#### [Problem to solve]
Return the listing below exactly. Leave its pictures out.

#### [Dataset excerpt]
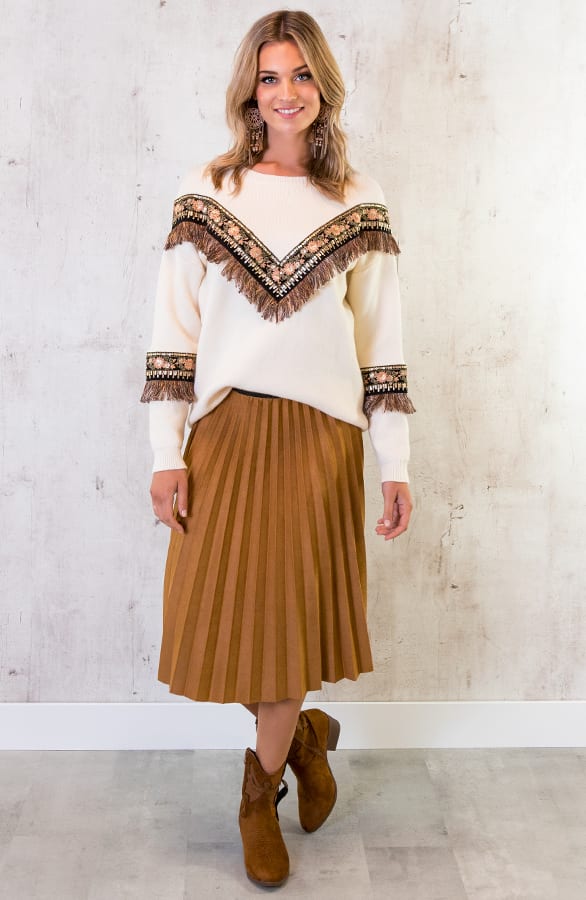 Plisse Rok Suede Camel – shoparchief, foto 3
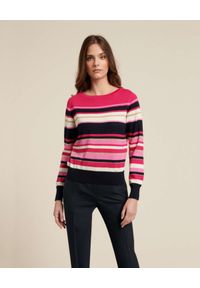 Luisa Spagnoli - LUISA SPAGNOLI - Różowy sweter w paski Macchietta. Kolor: biały. Materiał: wełna, prążkowany. Długość rękawa: długi rękaw. Długość: długie. Wzór: paski #3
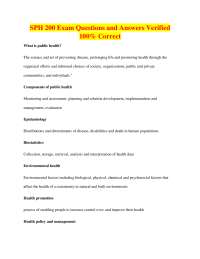 Public Health Exam Q&A: Key Concepts and Definitions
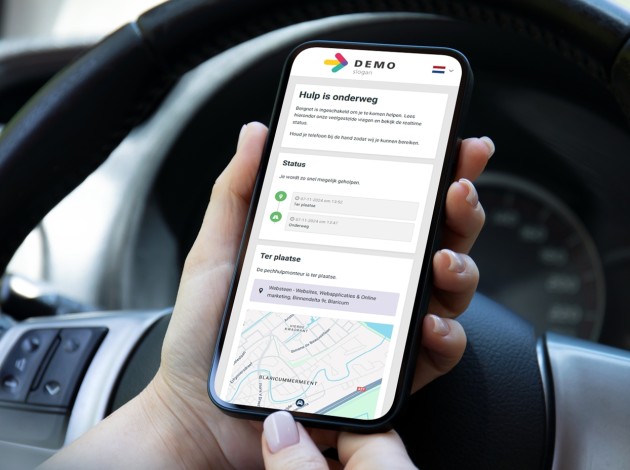 iPhone met de webapplicatie van Bergnet in beeld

#### [Solution]
 Plisse Rok Suede Camel – shoparchief, foto 3
 Luisa Spagnoli - LUISA SPAGNOLI - Różowy sweter w paski Macchietta. Kolor: biały. Materiał: wełna, prążkowany. Długość rękawa: długi rękaw. Długość: długie. Wzór: paski #3
 Public Health Exam Q&A: Key Concepts and Definitions
 iPhone met de webapplicatie van Bergnet in beeld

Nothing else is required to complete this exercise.